[Dataset records]
■ ■ ■ ■ ■
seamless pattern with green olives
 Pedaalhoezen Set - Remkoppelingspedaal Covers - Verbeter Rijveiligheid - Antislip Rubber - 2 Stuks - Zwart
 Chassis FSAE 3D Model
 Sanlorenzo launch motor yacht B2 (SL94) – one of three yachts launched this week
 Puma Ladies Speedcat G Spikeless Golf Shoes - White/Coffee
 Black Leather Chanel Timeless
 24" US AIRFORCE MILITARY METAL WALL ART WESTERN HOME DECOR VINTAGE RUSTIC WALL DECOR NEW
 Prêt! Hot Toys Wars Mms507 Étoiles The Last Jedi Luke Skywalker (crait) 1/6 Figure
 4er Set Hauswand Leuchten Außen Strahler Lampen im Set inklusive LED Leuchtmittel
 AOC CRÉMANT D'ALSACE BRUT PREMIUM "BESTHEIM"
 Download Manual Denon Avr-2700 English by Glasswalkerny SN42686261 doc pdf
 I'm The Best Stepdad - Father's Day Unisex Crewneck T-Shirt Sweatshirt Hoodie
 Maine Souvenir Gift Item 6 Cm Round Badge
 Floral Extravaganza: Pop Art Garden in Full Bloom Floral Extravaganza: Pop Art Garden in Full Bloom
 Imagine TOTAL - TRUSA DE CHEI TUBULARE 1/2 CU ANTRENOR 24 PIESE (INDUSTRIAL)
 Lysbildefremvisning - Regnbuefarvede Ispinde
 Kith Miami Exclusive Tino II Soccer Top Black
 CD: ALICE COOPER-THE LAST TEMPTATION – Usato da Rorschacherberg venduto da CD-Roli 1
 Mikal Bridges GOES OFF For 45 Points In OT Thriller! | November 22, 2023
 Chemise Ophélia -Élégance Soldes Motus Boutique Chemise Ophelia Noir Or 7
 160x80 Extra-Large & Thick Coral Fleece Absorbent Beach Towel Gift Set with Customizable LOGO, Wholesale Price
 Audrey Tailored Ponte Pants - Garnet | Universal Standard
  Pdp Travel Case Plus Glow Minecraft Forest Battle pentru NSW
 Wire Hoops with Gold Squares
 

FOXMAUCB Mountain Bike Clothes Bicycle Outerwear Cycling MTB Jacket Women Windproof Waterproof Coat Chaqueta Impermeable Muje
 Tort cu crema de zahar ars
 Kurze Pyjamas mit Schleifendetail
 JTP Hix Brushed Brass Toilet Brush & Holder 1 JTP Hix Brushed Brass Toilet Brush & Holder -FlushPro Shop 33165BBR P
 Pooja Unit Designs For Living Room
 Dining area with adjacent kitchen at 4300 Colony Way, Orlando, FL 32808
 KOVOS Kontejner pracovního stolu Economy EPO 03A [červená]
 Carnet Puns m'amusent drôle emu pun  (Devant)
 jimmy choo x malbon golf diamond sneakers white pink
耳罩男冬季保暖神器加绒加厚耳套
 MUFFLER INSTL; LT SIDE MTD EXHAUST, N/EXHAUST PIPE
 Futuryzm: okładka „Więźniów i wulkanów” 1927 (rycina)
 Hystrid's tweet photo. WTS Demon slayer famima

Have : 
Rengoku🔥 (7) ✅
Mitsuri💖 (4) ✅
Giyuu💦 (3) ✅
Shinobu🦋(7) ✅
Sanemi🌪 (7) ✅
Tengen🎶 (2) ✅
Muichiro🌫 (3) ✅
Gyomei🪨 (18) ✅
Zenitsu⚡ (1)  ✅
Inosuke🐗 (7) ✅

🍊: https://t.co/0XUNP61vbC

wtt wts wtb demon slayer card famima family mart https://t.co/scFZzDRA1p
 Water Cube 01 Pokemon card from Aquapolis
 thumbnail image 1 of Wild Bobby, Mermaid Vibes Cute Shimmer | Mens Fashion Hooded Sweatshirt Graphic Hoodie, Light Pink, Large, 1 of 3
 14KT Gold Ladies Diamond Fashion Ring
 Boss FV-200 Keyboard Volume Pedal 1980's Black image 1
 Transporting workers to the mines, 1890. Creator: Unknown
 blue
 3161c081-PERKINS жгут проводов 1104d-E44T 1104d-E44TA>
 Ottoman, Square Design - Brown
■ ■ ■ ■ ■
TASK BRIEF ->
Take the records above and return, word for word, only the lines that fall from the line with "Audrey Tailored Ponte" to the line with "Futuryzm: okładka „Więźniów", both of them included.

TASK ANSWER ->
 Audrey Tailored Ponte Pants - Garnet | Universal Standard
  Pdp Travel Case Plus Glow Minecraft Forest Battle pentru NSW
 Wire Hoops with Gold Squares
 

FOXMAUCB Mountain Bike Clothes Bicycle Outerwear Cycling MTB Jacket Women Windproof Waterproof Coat Chaqueta Impermeable Muje
 Tort cu crema de zahar ars
 Kurze Pyjamas mit Schleifendetail
 JTP Hix Brushed Brass Toilet Brush & Holder 1 JTP Hix Brushed Brass Toilet Brush & Holder -FlushPro Shop 33165BBR P
 Pooja Unit Designs For Living Room
 Dining area with adjacent kitchen at 4300 Colony Way, Orlando, FL 32808
 KOVOS Kontejner pracovního stolu Economy EPO 03A [červená]
 Carnet Puns m'amusent drôle emu pun  (Devant)
 jimmy choo x malbon golf diamond sneakers white pink
耳罩男冬季保暖神器加绒加厚耳套
 MUFFLER INSTL; LT SIDE MTD EXHAUST, N/EXHAUST PIPE
 Futuryzm: okładka „Więźniów i wulkanów” 1927 (rycina)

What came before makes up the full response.